高等魔法学院で学んでいたティスカは、魔法に優れた才能を持つ少女だった。

実家に眠っていた治癒魔法の魔導書の解析を進めていたところ、親しくしている少女エルネが負傷し……不完全な治癒魔法を発動。

無事にエルネは救えたものの彼女は後遺症で魔法が使えなくなってしまったし、ティスカも事故から2か月寝込んで単位不足で留年し、決まっていた就職も流れてしまった。

表紙の通り片方の目の色と、髪がひと房白く色が抜けてしまったのもティスカの後遺症のようですが……元が明るいピンクなのでひと房白いのはパッとわからんな……。

 

翌年無事に卒業したティアセは、かつての家業であった「ペリアプト魔導書工房」を復活させることに。

今の主流である画一化された魔導書ではなく、オーダーメイドタイプの魔導書を作るスタイル。魔導書に使う素材の影響も大きいし、刻む呪文の設計にもセンスが必要だしで、廃れたのも無理はない気がしてきますが。

魔導書工房を廃業した後に始めたパン屋では、その時に得た知識を基にしたパン作成用のスペルが今も使われて好評を博しているんだから、使い方次第な気もしますけど。

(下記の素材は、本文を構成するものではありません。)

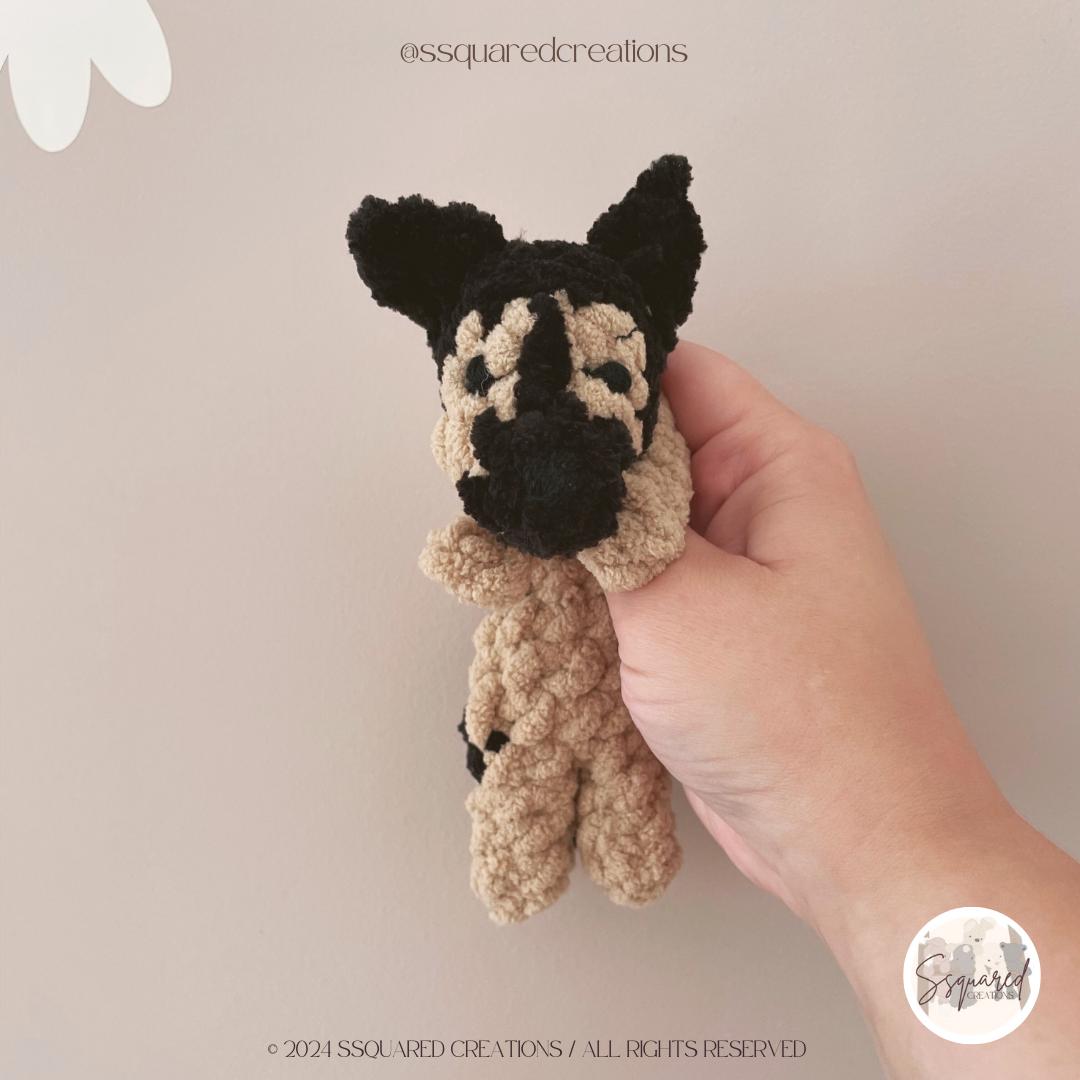 TEENIE TEAM OF 4 - Crochet Snuggler Pattern Bundle (includes Boxer, Bulldog, German Shepherd, and Labrador)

だからこそ、ティアセも工房を復活させるって決断できたんでしょうしね。

……魔法研究大好きな魔法バカだから、っていう一面がないとは言いませんが。

 

友人のエルネの協力を得て経営してる工房に、学生時代の同期でありティアセをライバル視もしている魔法系貴族家の令嬢リセが入りびたるようになって。

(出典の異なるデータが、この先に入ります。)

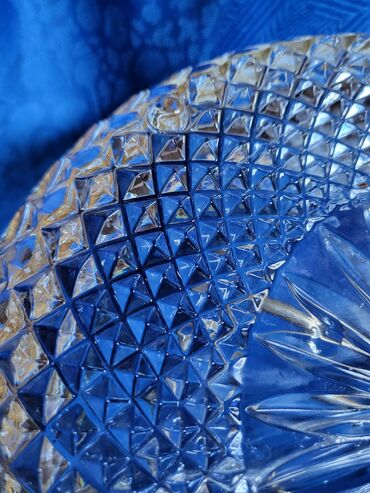 Kuhinjski setovi: Tanjir nov kristal,led kristalrucni rad sa posrebrenjem. 70te — 16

3人娘が姦しく工房経営していく話ですね。最初はパン屋の評判の方が強くて、なかなか依頼が持ち込まれず、ティアセも新作パン用の呪文作ったりしてましたけど。

傭兵活動中の人物や、旧知の農家から依頼が持ち込まれて、ティアセ製の魔導書が人目に付くようになったので、今後に期待が出来そうではあります。

 

魔法でパンを焼いてるパン工房ペリアプトは、日に何度も焼き立てパンを提供できる人気店らしいですし、農家のザインが頼んだ耕耘と殺虫の魔導書はマジに家宝になるんじゃないかな……。

パン工房は魔法が使えないと後継者になれない問題を抱えたりしてるわけですけど、何代も続いてるわけですし。ザインは目につくぶん盗難の警戒をしなきゃならないのが大変そう。

 

リセ伝いではありますけど、貴族からの依頼まで来たわけですしね。……別の家からの妨害工作まで発生したりもしてましたが。

そこまで気にせず完成にこぎつけていたのはお見事。どちらかというと、エルネが感じていた負い目をティアセにどう伝えるかという部分が一番の山だったんじゃなかろうか。

でも3人が仲良く経営してる風景が楽しそうで、心が弾むのでオッケーです。